[Brief descriptive captions]
:::::

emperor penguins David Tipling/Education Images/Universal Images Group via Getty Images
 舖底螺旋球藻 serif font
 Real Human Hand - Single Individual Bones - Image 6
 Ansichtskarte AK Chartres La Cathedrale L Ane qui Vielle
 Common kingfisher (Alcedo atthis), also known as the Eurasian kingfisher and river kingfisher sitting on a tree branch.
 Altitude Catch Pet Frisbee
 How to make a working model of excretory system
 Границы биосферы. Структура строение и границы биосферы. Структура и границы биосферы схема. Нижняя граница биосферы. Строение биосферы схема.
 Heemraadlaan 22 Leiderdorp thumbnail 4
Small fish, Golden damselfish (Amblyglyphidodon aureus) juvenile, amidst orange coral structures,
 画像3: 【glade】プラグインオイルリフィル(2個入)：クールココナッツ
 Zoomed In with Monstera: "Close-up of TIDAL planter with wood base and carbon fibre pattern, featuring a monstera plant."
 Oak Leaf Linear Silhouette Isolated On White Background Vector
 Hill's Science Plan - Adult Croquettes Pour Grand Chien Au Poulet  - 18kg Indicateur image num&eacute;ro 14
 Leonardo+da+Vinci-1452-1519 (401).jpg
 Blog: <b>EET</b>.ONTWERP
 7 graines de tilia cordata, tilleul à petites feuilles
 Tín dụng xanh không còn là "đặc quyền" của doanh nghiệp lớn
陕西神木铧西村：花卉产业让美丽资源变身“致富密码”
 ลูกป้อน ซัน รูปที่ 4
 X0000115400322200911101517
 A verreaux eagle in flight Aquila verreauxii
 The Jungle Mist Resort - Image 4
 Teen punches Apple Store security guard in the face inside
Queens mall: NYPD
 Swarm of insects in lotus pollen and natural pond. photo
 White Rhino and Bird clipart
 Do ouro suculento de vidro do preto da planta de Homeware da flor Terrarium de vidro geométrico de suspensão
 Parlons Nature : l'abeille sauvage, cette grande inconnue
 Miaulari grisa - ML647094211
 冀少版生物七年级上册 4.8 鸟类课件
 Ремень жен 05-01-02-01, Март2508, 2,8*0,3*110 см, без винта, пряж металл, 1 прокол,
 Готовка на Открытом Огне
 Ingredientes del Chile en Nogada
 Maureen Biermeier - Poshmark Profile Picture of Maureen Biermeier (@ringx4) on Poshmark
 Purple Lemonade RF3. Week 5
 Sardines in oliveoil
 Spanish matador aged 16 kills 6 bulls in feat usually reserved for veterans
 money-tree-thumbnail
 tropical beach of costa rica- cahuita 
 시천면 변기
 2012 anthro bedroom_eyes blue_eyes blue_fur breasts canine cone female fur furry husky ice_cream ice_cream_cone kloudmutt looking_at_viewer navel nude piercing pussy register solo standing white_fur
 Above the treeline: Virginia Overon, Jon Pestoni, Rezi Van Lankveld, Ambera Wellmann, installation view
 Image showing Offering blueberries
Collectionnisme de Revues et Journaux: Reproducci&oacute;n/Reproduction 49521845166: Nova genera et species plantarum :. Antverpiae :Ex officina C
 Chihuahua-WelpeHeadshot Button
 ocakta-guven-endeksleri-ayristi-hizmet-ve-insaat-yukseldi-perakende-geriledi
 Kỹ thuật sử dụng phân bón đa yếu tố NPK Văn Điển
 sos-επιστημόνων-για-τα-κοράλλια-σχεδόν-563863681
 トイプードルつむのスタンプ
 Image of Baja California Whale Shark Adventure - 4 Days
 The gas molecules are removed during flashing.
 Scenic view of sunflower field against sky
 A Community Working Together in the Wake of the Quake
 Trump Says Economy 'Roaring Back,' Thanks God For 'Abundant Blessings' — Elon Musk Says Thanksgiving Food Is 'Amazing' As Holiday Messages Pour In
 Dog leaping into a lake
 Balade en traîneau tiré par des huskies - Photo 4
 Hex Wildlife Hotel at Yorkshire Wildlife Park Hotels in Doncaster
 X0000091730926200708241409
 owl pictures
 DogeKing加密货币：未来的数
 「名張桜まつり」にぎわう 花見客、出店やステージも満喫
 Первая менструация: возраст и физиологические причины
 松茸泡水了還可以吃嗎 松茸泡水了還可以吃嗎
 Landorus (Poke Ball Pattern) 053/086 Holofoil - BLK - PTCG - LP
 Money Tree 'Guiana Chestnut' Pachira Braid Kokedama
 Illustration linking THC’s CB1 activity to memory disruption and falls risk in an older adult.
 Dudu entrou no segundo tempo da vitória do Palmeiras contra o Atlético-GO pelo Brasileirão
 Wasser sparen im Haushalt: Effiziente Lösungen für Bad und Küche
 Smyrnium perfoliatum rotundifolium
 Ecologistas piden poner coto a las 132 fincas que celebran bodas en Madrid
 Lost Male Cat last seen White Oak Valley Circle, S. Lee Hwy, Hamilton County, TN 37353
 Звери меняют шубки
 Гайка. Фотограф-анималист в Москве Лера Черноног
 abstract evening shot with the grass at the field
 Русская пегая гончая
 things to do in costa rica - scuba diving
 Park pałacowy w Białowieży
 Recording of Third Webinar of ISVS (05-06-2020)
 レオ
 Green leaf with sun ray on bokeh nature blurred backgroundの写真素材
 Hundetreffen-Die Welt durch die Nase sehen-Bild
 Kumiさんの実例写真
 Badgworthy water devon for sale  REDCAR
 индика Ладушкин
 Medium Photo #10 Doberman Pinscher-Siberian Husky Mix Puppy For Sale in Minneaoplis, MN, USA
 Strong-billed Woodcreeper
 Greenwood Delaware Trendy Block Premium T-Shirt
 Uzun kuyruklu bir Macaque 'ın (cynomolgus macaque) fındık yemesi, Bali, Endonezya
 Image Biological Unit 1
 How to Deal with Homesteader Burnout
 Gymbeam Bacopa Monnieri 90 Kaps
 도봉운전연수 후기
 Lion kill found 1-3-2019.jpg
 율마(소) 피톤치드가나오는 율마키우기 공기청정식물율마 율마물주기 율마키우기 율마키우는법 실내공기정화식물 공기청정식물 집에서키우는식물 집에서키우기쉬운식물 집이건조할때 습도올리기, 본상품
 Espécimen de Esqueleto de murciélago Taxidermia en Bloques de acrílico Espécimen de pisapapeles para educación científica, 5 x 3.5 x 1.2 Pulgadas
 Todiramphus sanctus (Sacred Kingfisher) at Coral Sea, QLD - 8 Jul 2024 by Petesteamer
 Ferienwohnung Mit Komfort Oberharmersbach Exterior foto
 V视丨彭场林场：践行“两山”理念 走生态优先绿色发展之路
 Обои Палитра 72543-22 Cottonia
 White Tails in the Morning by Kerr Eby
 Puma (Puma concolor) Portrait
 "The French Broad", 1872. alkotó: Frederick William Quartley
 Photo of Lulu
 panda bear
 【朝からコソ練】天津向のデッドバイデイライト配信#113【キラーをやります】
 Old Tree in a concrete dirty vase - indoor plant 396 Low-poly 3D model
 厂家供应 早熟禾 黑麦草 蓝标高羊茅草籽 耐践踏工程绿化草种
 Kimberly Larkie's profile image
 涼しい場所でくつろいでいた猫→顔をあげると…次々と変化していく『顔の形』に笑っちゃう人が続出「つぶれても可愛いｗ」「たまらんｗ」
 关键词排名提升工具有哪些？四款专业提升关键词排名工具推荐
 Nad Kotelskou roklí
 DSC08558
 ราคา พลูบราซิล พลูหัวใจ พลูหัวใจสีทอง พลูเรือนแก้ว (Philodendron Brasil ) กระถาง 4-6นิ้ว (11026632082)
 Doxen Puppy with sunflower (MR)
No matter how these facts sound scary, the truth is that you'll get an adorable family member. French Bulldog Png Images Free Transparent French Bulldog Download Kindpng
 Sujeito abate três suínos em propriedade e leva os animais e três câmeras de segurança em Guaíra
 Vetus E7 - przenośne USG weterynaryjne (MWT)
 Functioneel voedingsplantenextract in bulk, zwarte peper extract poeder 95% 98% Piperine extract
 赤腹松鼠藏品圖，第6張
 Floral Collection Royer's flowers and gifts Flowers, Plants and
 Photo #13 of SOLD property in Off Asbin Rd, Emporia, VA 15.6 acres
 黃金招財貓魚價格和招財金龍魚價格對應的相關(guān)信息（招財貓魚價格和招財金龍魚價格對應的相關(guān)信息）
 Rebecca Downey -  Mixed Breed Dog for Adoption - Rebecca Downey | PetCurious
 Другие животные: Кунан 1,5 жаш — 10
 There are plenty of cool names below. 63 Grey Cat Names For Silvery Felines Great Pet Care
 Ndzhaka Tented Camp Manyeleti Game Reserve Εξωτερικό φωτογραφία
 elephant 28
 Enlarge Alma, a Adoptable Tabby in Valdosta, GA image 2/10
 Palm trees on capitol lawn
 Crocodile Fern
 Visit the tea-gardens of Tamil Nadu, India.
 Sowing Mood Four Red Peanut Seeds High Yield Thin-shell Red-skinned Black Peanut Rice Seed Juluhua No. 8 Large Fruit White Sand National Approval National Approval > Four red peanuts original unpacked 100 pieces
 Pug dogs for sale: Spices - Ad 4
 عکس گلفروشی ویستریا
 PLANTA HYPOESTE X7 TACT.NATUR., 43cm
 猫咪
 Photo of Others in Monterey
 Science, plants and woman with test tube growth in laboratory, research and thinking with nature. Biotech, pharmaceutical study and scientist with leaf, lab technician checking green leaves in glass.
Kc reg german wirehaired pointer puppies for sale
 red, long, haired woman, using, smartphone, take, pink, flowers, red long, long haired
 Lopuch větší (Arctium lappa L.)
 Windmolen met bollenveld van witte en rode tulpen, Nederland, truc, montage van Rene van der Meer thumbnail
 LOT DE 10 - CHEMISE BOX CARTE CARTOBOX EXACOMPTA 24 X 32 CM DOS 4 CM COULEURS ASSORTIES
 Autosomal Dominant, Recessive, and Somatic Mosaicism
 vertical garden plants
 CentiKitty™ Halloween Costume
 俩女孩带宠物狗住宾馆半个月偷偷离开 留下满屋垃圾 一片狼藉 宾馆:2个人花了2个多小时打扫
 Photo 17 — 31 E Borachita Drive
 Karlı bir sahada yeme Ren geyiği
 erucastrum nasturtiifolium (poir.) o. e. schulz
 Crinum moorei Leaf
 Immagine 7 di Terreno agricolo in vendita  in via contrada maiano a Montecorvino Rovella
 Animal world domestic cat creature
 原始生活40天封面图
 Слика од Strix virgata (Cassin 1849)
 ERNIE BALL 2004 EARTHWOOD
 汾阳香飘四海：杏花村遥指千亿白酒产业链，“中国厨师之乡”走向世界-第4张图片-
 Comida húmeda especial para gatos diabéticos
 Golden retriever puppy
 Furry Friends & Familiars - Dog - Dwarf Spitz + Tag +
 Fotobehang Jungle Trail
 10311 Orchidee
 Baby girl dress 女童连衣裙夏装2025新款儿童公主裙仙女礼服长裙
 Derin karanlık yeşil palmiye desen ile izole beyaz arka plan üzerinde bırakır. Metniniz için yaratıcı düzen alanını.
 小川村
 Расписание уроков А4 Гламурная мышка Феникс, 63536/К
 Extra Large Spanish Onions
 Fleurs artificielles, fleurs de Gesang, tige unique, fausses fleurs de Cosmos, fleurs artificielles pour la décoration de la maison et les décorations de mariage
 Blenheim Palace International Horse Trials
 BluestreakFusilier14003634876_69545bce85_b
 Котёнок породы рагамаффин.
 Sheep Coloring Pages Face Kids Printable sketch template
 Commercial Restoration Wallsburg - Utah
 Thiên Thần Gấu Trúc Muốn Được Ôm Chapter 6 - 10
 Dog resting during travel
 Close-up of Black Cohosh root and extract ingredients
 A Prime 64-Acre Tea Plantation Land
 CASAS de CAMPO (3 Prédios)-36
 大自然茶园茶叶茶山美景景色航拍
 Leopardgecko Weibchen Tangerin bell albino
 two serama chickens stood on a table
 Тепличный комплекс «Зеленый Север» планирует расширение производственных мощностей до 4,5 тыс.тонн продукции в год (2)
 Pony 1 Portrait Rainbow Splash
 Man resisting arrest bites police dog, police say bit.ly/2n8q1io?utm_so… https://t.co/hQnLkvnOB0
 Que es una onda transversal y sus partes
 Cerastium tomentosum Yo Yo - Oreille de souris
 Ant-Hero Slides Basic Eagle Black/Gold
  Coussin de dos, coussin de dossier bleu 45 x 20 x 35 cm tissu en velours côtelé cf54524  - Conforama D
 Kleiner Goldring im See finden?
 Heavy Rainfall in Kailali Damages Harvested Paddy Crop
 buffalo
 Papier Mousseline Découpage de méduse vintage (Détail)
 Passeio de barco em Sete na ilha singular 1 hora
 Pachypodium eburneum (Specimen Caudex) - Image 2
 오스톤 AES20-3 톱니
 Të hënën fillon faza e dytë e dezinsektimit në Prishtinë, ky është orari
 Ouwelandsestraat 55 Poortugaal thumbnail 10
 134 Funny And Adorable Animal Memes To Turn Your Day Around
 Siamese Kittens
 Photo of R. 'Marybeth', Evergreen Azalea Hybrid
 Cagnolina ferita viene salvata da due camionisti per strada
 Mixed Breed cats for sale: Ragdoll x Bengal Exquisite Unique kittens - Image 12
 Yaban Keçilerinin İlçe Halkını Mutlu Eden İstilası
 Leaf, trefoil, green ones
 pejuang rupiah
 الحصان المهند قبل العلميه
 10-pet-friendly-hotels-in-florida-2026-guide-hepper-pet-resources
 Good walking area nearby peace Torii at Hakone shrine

:::::

*Task brief*
Report each line of the entries where the word "woman" occurs.

*Written response*
 Science, plants and woman with test tube growth in laboratory, research and thinking with nature. Biotech, pharmaceutical study and scientist with leaf, lab technician checking green leaves in glass.
 red, long, haired woman, using, smartphone, take, pink, flowers, red long, long haired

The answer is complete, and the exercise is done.